Pakistan Air Force jets bombed Tehreek-i-Taliban Pakistan (TTP) targets in the border Khost and Paktika provinces at around 3am local time this morning, spokesmen for the TTP and Afghanistan’s Taliban regime said.
The air strikes followed the deaths of seven Pakistani soldiers, including a colonel and captain, in a TTP attack on a military post in North Waziristan tribal district on Saturday.
After attending the funerals of the two army officers on Saturday, President Asif Ali Zardari warned that Pakistan would avenge their deaths.
Islamabad has not yet commented on today’s air strikes, but spokesmen of the TTP and Afghan interim government said the attacks hit targets in camps occupied by hundreds of Pakistani insurgents and their families.

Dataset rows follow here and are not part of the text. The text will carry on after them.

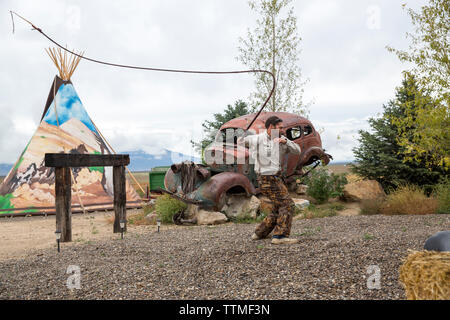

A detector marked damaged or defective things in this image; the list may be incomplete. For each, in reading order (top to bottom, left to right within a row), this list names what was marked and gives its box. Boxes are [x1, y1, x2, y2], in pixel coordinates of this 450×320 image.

rusty old car [163, 111, 332, 211]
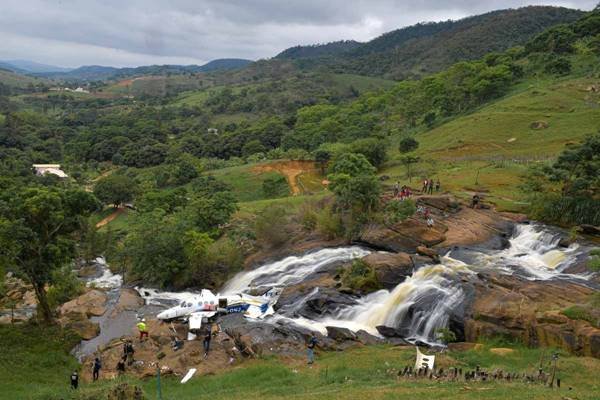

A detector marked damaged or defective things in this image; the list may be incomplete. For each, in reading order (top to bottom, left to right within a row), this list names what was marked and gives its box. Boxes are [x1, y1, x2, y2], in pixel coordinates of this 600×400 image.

crashed airplane [158, 288, 282, 332]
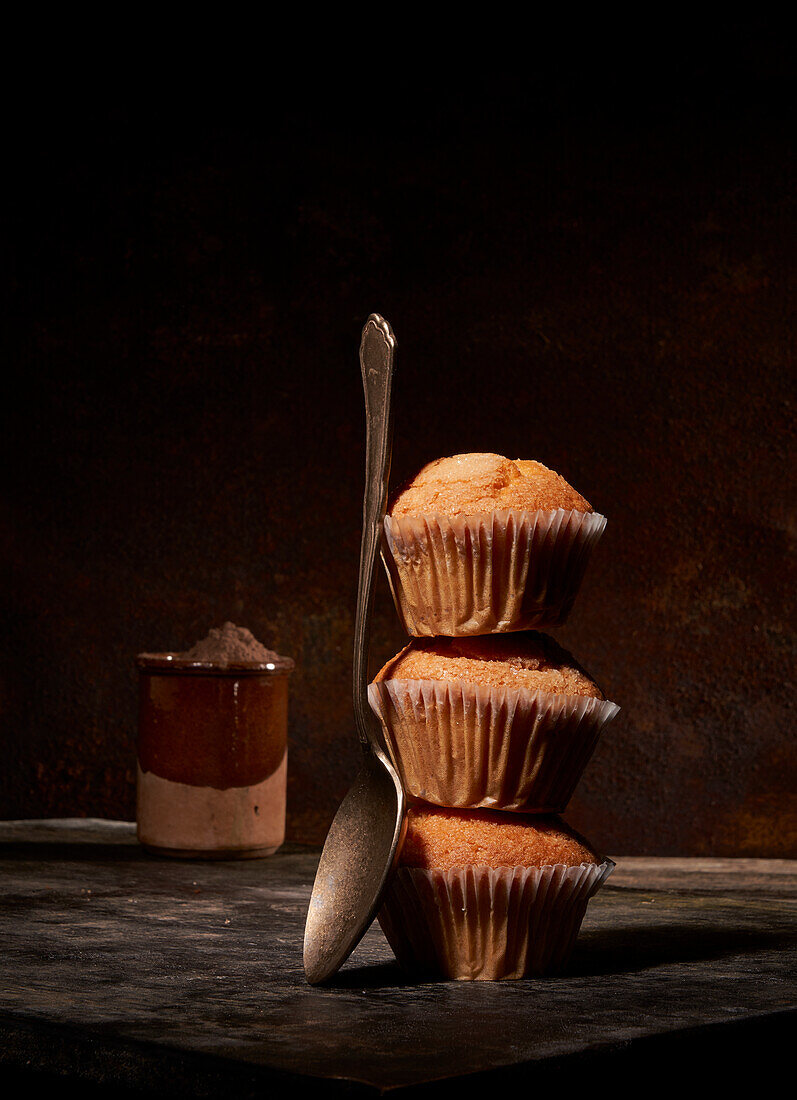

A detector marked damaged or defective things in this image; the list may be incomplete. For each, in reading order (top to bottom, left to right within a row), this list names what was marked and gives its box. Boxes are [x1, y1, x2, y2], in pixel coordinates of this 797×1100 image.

rusty brown wall [3, 34, 791, 853]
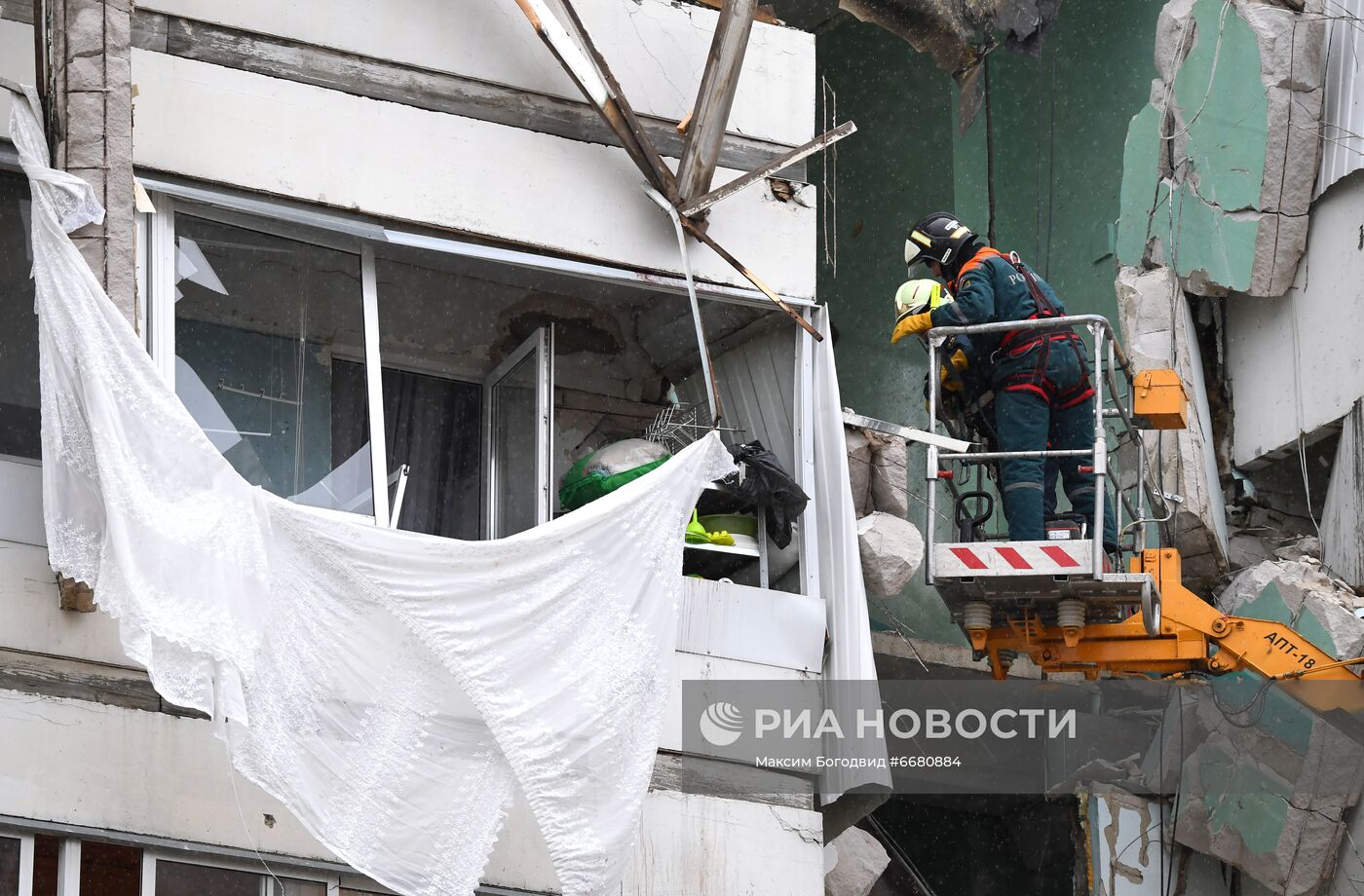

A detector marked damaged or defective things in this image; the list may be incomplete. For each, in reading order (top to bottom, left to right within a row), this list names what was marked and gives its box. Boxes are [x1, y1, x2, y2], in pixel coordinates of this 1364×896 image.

broken wooden plank [679, 0, 764, 203]
broken wooden plank [679, 118, 856, 216]
broken wooden plank [679, 215, 818, 341]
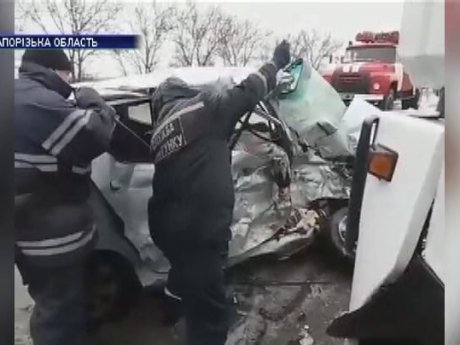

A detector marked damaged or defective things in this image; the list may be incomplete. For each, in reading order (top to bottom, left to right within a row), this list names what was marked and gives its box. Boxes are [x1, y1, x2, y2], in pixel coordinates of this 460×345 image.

shattered windshield [344, 45, 396, 63]
wrecked silver car [78, 59, 360, 322]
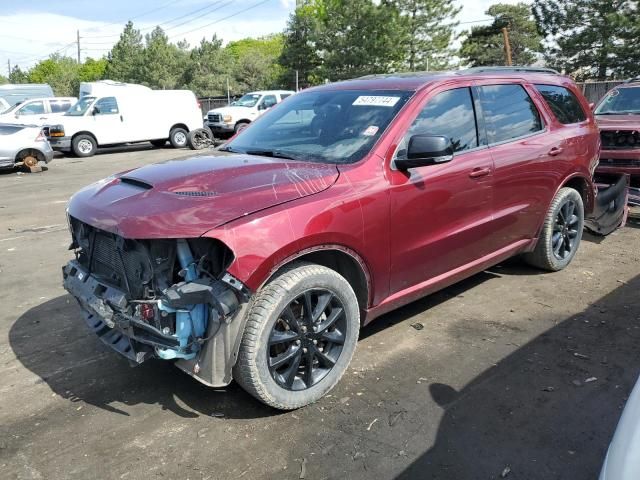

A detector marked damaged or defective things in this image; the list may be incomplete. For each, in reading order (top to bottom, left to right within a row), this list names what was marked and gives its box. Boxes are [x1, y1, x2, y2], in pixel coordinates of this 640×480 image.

damaged hood [67, 154, 340, 238]
damaged front end [62, 217, 248, 386]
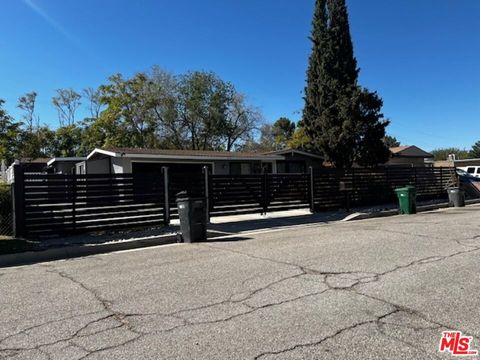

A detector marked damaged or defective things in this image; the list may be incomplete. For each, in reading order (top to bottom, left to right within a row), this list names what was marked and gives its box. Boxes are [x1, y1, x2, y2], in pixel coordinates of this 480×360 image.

cracked asphalt [0, 205, 480, 360]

One of the Pakistani air strikes destroyed the home of a ranking TTP commander, Abdullah Shah, in Paktika’s Bermal district.
Seven members of his family were reportedly killed, but the TTP said Shah was in Pakistan’s South Waziristan tribal district at the time.
Another person was killed in Sepera district of Khost.
Zabihullah Mujahid, spokesman for the Afghan interim government, condemned the Pakistani attacks as a “reckless action and violation of Afghanistan’s territory”.
He warned that the air strikes could “lead to consequences which are beyond Pakistan’s control”.
Following the air strikes, Taliban forces opened fire on Pakistani soldiers manning border posts, leading to intermittent skirmishes.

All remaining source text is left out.